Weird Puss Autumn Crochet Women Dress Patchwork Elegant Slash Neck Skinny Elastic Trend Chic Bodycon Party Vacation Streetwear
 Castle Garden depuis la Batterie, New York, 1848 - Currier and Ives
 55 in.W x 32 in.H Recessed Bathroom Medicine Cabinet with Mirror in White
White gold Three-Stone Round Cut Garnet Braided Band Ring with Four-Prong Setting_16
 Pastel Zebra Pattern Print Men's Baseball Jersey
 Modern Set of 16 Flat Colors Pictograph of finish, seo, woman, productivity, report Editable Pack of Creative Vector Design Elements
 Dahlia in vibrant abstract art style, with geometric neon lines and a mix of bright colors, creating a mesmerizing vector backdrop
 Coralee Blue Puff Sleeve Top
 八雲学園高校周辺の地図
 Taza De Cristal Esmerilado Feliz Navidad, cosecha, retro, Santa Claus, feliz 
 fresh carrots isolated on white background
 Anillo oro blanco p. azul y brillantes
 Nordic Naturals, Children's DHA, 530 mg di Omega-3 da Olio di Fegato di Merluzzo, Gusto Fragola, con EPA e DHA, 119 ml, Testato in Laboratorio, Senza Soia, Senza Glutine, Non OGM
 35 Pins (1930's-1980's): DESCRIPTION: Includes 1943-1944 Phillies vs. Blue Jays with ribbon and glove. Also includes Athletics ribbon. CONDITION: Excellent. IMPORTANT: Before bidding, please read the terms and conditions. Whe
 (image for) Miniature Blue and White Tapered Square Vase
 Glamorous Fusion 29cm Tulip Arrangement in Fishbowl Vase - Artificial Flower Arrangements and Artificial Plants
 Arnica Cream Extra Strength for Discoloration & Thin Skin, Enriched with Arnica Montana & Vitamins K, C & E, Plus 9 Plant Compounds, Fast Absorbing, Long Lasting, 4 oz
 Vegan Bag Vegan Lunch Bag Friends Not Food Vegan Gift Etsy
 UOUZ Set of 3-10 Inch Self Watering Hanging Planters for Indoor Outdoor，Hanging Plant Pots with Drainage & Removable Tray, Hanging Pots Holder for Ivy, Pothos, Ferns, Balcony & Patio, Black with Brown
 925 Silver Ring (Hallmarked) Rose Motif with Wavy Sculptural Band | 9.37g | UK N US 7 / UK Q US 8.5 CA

■ **Exercise goal**: Everything in the listing should be written out exactly.

■ **Exercise answer**:
Weird Puss Autumn Crochet Women Dress Patchwork Elegant Slash Neck Skinny Elastic Trend Chic Bodycon Party Vacation Streetwear
 Castle Garden depuis la Batterie, New York, 1848 - Currier and Ives
 55 in.W x 32 in.H Recessed Bathroom Medicine Cabinet with Mirror in White
White gold Three-Stone Round Cut Garnet Braided Band Ring with Four-Prong Setting_16
 Pastel Zebra Pattern Print Men's Baseball Jersey
 Modern Set of 16 Flat Colors Pictograph of finish, seo, woman, productivity, report Editable Pack of Creative Vector Design Elements
 Dahlia in vibrant abstract art style, with geometric neon lines and a mix of bright colors, creating a mesmerizing vector backdrop
 Coralee Blue Puff Sleeve Top
 八雲学園高校周辺の地図
 Taza De Cristal Esmerilado Feliz Navidad, cosecha, retro, Santa Claus, feliz 
 fresh carrots isolated on white background
 Anillo oro blanco p. azul y brillantes
 Nordic Naturals, Children's DHA, 530 mg di Omega-3 da Olio di Fegato di Merluzzo, Gusto Fragola, con EPA e DHA, 119 ml, Testato in Laboratorio, Senza Soia, Senza Glutine, Non OGM
 35 Pins (1930's-1980's): DESCRIPTION: Includes 1943-1944 Phillies vs. Blue Jays with ribbon and glove. Also includes Athletics ribbon. CONDITION: Excellent. IMPORTANT: Before bidding, please read the terms and conditions. Whe
 (image for) Miniature Blue and White Tapered Square Vase
 Glamorous Fusion 29cm Tulip Arrangement in Fishbowl Vase - Artificial Flower Arrangements and Artificial Plants
 Arnica Cream Extra Strength for Discoloration & Thin Skin, Enriched with Arnica Montana & Vitamins K, C & E, Plus 9 Plant Compounds, Fast Absorbing, Long Lasting, 4 oz
 Vegan Bag Vegan Lunch Bag Friends Not Food Vegan Gift Etsy
 UOUZ Set of 3-10 Inch Self Watering Hanging Planters for Indoor Outdoor，Hanging Plant Pots with Drainage & Removable Tray, Hanging Pots Holder for Ivy, Pothos, Ferns, Balcony & Patio, Black with Brown
 925 Silver Ring (Hallmarked) Rose Motif with Wavy Sculptural Band | 9.37g | UK N US 7 / UK Q US 8.5 CA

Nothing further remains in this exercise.